Within the listing that follows, how many lines contain the word "front"? Only the number is wanted.
* * *
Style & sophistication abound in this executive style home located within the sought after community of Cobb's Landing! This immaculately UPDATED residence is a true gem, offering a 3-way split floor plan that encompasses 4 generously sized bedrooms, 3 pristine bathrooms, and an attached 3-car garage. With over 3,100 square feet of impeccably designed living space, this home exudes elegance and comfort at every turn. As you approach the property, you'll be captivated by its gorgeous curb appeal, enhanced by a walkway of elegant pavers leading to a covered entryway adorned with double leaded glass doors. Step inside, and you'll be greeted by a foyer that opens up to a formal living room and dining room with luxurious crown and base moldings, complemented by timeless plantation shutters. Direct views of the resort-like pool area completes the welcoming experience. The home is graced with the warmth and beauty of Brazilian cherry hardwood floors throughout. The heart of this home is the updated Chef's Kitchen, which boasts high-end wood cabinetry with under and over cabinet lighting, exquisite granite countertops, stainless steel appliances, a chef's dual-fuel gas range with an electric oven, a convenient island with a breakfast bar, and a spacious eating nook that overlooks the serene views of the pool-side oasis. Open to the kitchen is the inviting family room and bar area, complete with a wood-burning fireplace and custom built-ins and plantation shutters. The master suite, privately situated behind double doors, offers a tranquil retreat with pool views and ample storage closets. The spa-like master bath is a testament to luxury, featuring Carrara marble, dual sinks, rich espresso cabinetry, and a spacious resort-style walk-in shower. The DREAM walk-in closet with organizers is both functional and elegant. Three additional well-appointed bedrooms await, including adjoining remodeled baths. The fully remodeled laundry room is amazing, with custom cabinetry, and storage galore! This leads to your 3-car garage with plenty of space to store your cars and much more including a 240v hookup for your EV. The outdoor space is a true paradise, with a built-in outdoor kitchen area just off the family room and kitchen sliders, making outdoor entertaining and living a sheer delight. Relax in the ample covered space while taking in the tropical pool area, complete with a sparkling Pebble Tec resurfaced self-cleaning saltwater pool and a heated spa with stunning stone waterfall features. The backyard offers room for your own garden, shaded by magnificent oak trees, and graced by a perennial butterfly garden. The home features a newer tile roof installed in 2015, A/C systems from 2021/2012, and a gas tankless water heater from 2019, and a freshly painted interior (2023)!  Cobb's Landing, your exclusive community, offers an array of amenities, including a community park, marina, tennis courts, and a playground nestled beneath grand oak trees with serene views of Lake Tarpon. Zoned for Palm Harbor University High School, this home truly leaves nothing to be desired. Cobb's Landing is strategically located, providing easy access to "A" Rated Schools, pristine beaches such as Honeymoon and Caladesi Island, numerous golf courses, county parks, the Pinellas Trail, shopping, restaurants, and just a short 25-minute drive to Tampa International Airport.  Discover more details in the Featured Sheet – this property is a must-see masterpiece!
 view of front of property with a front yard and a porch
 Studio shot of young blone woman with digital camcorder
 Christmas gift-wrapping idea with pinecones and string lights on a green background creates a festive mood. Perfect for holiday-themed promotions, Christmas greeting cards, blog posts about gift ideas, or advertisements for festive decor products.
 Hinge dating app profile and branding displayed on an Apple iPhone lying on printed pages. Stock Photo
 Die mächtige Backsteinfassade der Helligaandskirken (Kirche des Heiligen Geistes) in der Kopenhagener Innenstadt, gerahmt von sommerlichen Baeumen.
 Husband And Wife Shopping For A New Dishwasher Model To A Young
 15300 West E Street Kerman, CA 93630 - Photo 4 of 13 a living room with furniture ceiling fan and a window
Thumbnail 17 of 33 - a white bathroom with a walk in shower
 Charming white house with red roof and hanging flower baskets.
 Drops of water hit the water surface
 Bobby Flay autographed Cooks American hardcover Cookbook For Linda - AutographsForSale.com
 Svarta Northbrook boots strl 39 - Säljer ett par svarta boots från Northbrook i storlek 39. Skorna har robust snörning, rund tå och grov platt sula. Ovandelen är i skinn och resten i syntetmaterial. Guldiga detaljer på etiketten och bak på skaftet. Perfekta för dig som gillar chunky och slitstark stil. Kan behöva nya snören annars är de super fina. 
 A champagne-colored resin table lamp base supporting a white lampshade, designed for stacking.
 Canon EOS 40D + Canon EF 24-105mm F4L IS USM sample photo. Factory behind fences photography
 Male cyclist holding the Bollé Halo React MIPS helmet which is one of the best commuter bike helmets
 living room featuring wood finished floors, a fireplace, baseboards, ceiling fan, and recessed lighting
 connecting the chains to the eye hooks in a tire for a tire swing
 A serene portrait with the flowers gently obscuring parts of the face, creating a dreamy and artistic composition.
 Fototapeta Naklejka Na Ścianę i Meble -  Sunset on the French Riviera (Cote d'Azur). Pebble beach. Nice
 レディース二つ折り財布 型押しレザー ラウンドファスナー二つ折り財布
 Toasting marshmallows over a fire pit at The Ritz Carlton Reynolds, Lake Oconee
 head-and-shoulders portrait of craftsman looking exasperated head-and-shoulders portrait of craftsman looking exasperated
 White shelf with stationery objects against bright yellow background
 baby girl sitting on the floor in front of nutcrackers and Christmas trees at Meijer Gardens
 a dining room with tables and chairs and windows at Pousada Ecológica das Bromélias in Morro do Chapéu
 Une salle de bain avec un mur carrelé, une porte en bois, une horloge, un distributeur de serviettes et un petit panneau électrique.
* * *
### Task answer
2